At last October’s Michelin Guide launch, Whatley Manor executive chef Niall Keating took to the stage for a one-on-one interview with presenter Amanda Stretton. Among the questions she put to the Michelin Young Chef Award winner was what it had been like working for Sat Bains (Keating was chef de partie at his restaurant between 2013 and 2015), which he didn’t appear comfortable answering in front of a room full of people. It was a loaded question, which seemed to seek validation of Bains’ fearsome reputation in the kitchen.
The incident is brought up as a relaxed Bains sits in the dining room of his two-Michelin starred restaurant in Nottingham.
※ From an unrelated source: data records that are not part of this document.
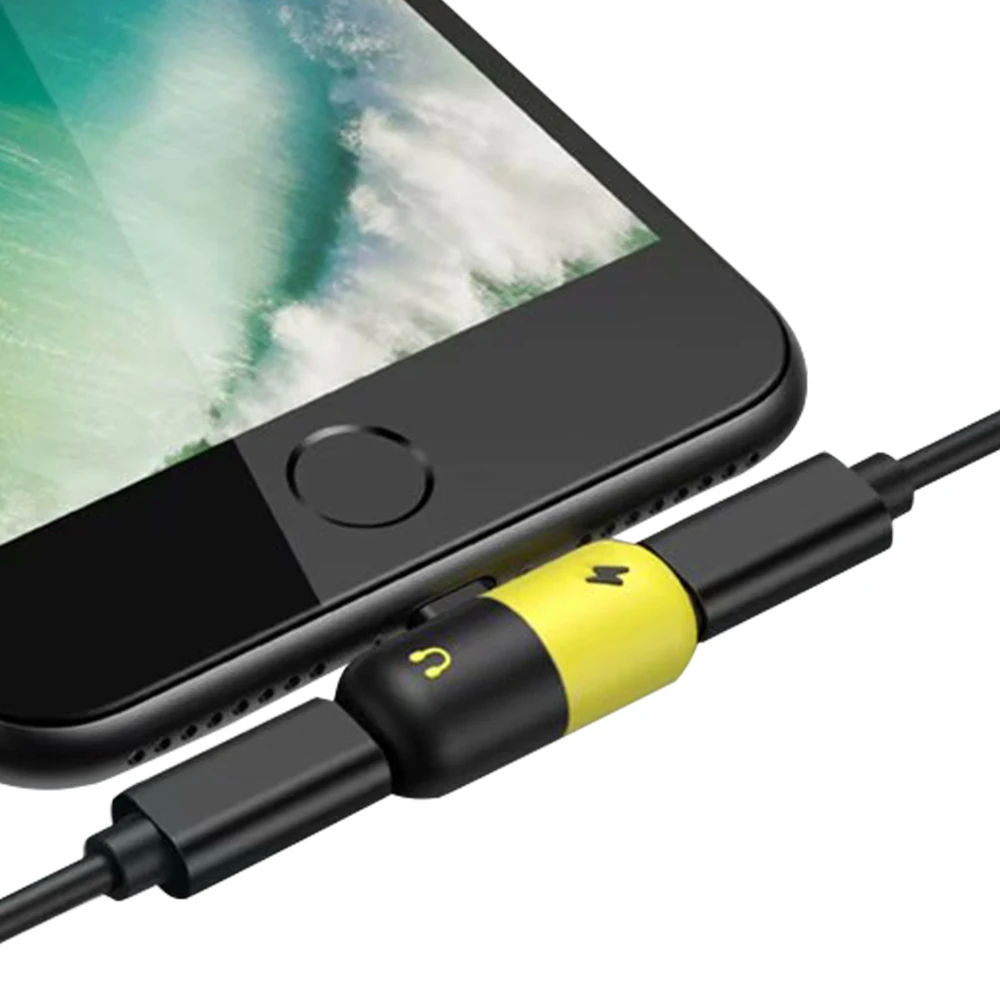 NYFundas 2 в 1 двухъядерный процессор аудио зарядное устройство для Apple iphone 8 7 6 6s plus X XS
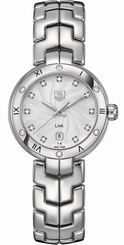 TAG Heuer Watches : WAT1413.BA0954 Quartz Diamond Dials Date Link Women Watch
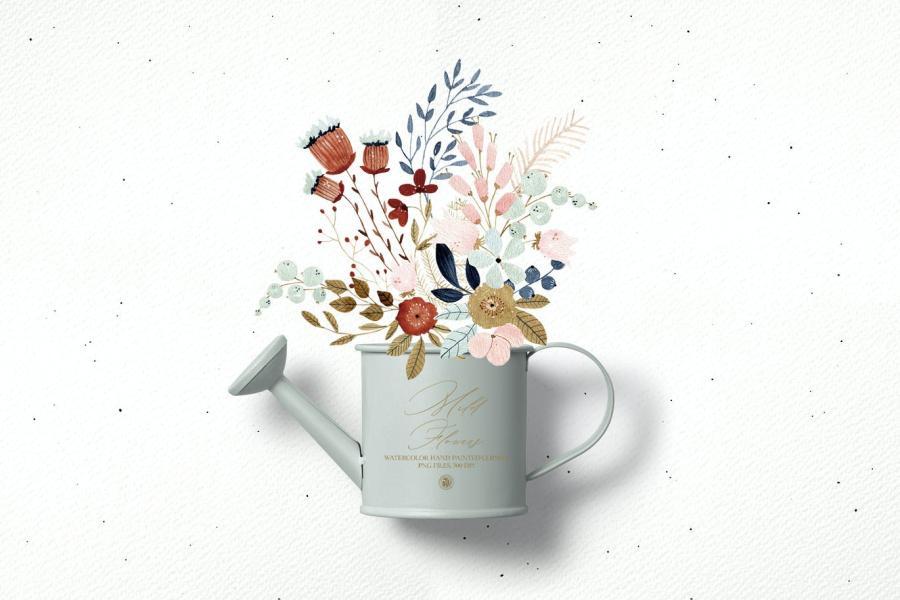 25xt-128256 Mild-Flowers---watercolor-clipart-setz7.jpg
He recalls watching the Michelin ceremony via a live feed while in New York on a Roux Scholarship trip – he won the coveted title in 1999 – having been informed by Keating he was being asked the question beforehand. “What was that about?” he laughs. “He froze. I sent him a text afterwards full of emojis.”
But surely there’s no smoke without fire? If you were to imagine any chef being tough in the kitchen it would be Bains, a man mountain of muscle for whom Mike Tyson is a huge inspiration (for his boxing, nothing else) because of his “disciplined aggression”. Bains’ Instagram feed – the avatar of which is a rather mean-looking black and white portrait – features numerous posts of his considerable frame and punishing exercise regime, often with selfies taken after having pushed himself to breaking point (one post reads ‘only one way to get the weekend out of your system... train till you swear/puke/shit/scream/cry/piss’), and he’s no stranger to the odd spat on social media. With that in mind, what’s he like in the kitchen?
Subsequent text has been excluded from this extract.